Thomas Tuttell was a versatile craftsman, publisher, surveyor, mathematician and instrument maker, a polymath in today's eyes but something which then was pretty standard given that it all came together under the canopy of popular science. Tuttell, along with a number of other London practitioners, made a living thanks to a new enthusiasm for compasses, quadrants, measuring devices, maps, globes, calendars and mathematical guides. His terrific trade card, below, presents his wares, including what is very probably our celestial globe.
Trade card of Thomas Tuttell [London, c. 1700]. 1934-123. © The Board of Trustees of the Science Museum
But was Tuttell any good? Not everyone thought so, particularly a rival mapmaker Robert Morden, who described him in 1702 as “a late upstart Hydrographer who never did, nor ever knew how to project or draw a map or sea-chart”. He would say that though, wouldn't he. London mapmakers loved insulting their rivals. We can balance Morden's opinion with the one of John Lenthall, who described the ‘Late ingenuious Mr Tuttell’ in his 1717 reissue of a set of mathematical cards first produced by - yes - Thomas Tuttell.
Whether Tuttell was a genius or an upstart, we do know that he was both very resourceful and unbelievably unlucky.
In the first instance, Tuttell didn't actually make the globe himself. A man called Joseph Moxon did, around 50 years earlier. What Tuttell did was cut out a lozenge-shaped piece of paper bearing his name and imprint and stick it over Moxon's name appearing on the globe he had acquired the rights to. The globe was and is an extremely proficient piece of British cartography and craftsmanship - indeed it was the first British-made celestial globe to have been produced in over half a century. Why try and improve an already excellent product? It made good business sense.

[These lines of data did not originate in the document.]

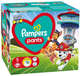 Pieluchomajtki Pampers Pants Paw Patrol Rozmiar 5 (12-17 kg) 66 szt (8006540863619) - obraz 2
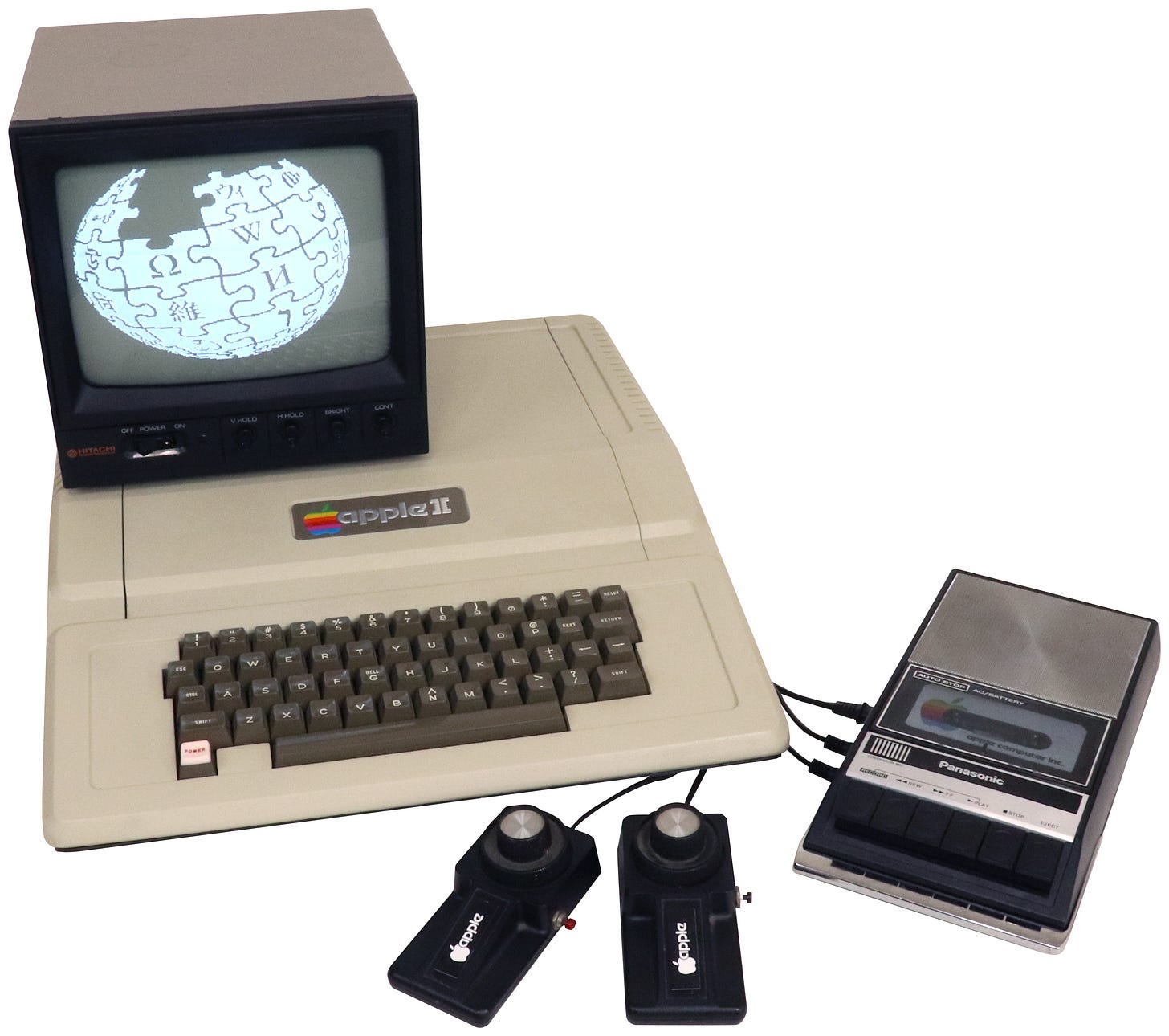 Apple II - Wikipedia Apple II - Wikipedia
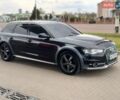 Черный Ауди А6 Олроуд, объемом двигателя 2.97 л и пробегом 316 тыс. км за 18200 $, фото 1 на Automoto.ua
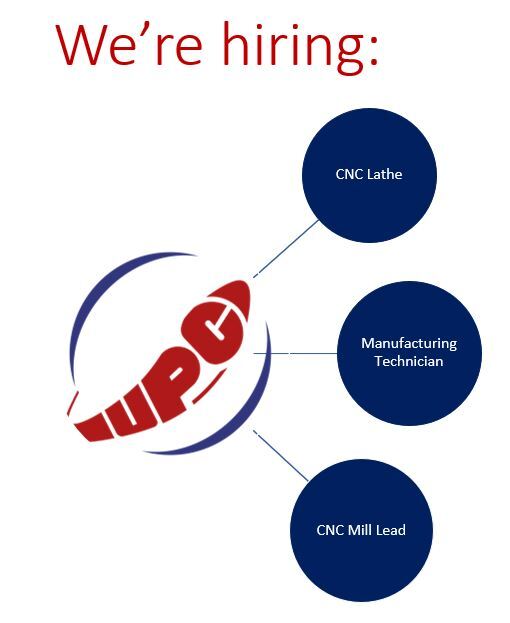 United Precision Corp Current Openings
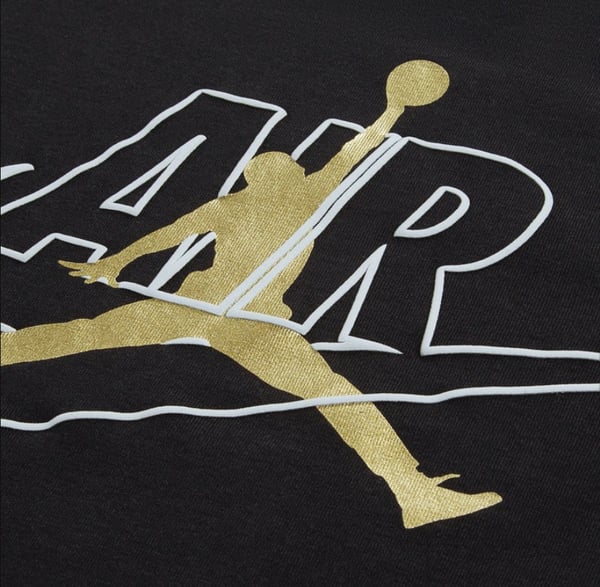 NIKE JORDAN JDB AIR SWOOSH JM SS TEE ERKEK ÇOCUK TİŞÖRT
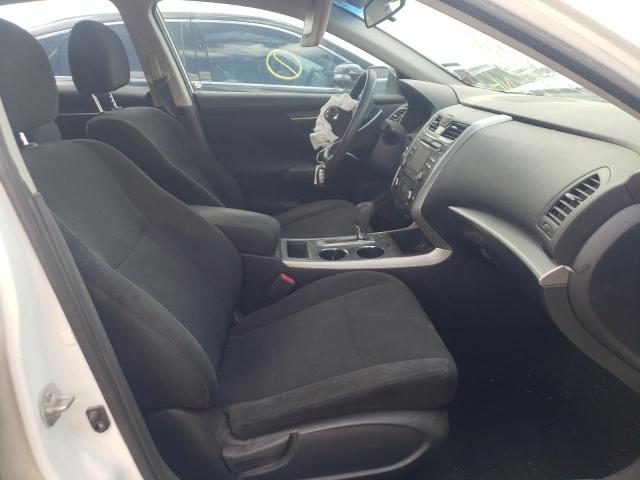 Photo 5 from auction – 2015 NISSAN ALTIMA 2.5 with VIN 1N4AL3AP5FC150725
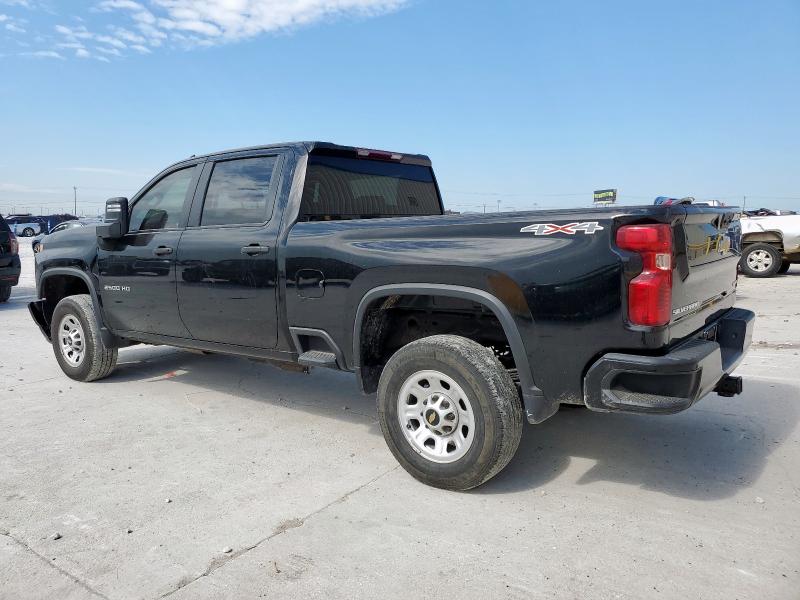 2022 CHEVROLET SILVERADO K2500 CUSTOM 1GC4YMEY4NF335301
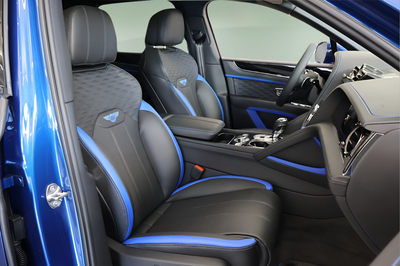 2026 Bentley Bentayga Speed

Secondly, Tuttell is undoubtedly one of the most unfortunate mapmakers we know of. For example, in June 1692 he advertised in The Post Boy for the return of his distance-measuring instrument called a waywiser (the wheeled object illustrated in the centre foreground of his trade card) that he’d lost or had purloined on the road between Barnet and St. Alban’s. Now, a waywiser isn’t an inconsiderable object in size and heaviness. Very unlucky indeed.
Tuttell also has the tragic accolade of being one of very few mapmakers to have died whilst actually in the process of making a map. He very unfortunately drowned in the River Thames around Dagenham at around 10am on 22 January 1702 whilst surveying on behalf of the Admiralty. He was only 28 years old.
We actually also have a description of poor Tuttell, from a note placed in The Post Boy by his widow Mary requesting the return of his body: ‘He was of a Middle Stature, fair light Hair but his Head newly shaved, his Coat a Grey Cloath napped, trimmed with black Buttons, his Waistcoat Gray, Breeches a light Colour; and his Linnen marked with a red T.’
A portrait of the young mapmaker, recently deceased.